Creeley had posited in Pieces [New York: Scribner's, 1969] a reduction of the lyric to its smallest elements. Philosophically, this meant that, taken to its natural limit(s), language, or poems as (the fewest) words would yield up their essence(s) under the sharpest scrutiny that could be brought to bear on them; thus defining the limits of the writer's insight and apprehension of language. That gambit was successful, in Creeley's case, to the degree that he was able to exploit the emotional tensions in such basic linguistic relationships, a preoccupation that had always been paramount in his poetics. But that heavily emotional dimension was only applicable to his own approach to composition. Working at the level of fewest possible words had other historical streams: Haiku, for instance. And as others tried their hand at it, it became clear that divergent masteries of the short, minimalist form were not limited to the ways in which Creeley had employed it. Saroyan, after all, seems to have come by his own minimalism on his own, anterior to Creeley's efforts beginning the mid- to late 1960's. And Grenier, whose worship of Creeley's work is well-documented, saw in minimalism a more expansive, metaphysical field of possibilities than his mentor had imagined, opening out into his own intense minimalist development, culminating in the so-called S C R A W L S.

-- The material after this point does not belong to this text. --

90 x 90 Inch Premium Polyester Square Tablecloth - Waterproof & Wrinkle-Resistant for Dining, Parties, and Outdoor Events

Truscott's work seems more linked to the Objectivists' sense of language, almost a scientific testing of its elemental, discrete particles--


This, here.

I think
elsewhere.

No (correction), not
really.


This is really very close to Oppen. Zukofsky, of course, would find the poem bereft of an ample matter, since it doesn't refer to any other thing than itself. This "self-defining artifact" aspect is one that has occurred to me, often, in thinking about Creeley's work in Pieces. The poems are scaffoldings for nothing but their own isolate energetic dance. In a subsequent post, I'll address this aspect as "Creeley's Edge."

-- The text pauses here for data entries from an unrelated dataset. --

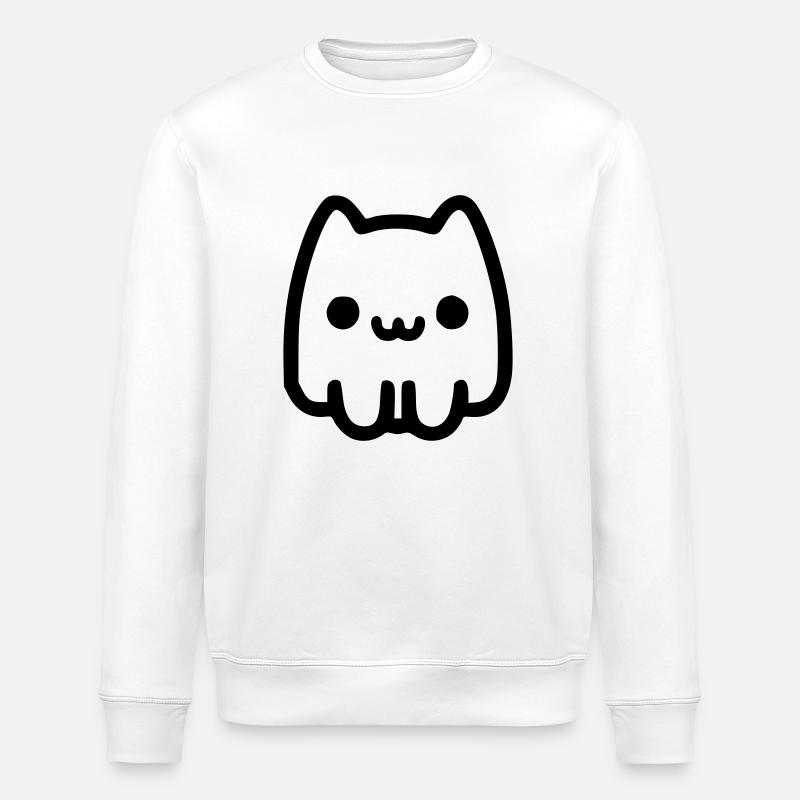 Ghost Cat - Stanley/Stella ROLLER Unisex Organic Sweatshirt - white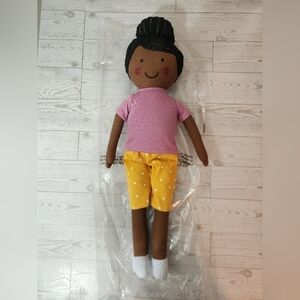 Pillowfort Plush Girl Doll Pillow Purple Top & Yellow Pants NWT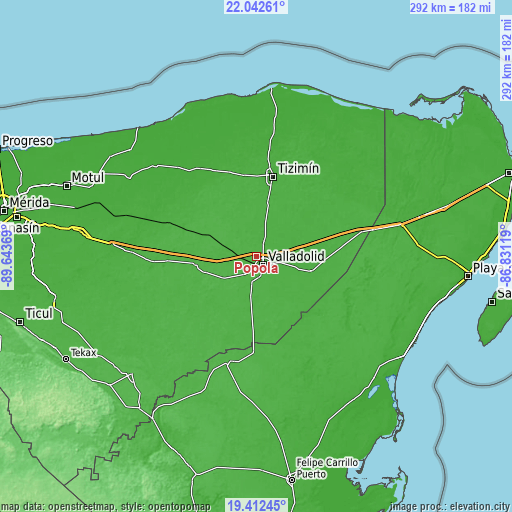 Topographic map of Popola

In the meantime, I salute Truscott's honest, honed efforts at definition. He's starting, as it were, at the beginning, which is the correct way. You don't step into an opera without the requisite voice and dramatic training. The difference, here, is that Truscott isn't fashioning predictable sonnets and quatrains and rhythmic clichés, he's building meaning on a firm foundation of testing and choosing, judicious steps on a pathway to fulfillment. Pretty corny sounding, huh?, even from me! Creeley started with the Renaissance English lyric, and worked his way backwards to a full-scale de-construction of his own poetics, ending up circa 1972 or so at a kind of artistic dead-end. Truscott is unlikely to end up writing poems of the sort that filled up RC's For Love, and that's just as well. It's already been done.

2 comments:

Kirby Olson said...

Think less about lazy, and more about laziness.

Guy Farmer said...

I love poems that say a lot with a few words, leaving the poem open to interpretation.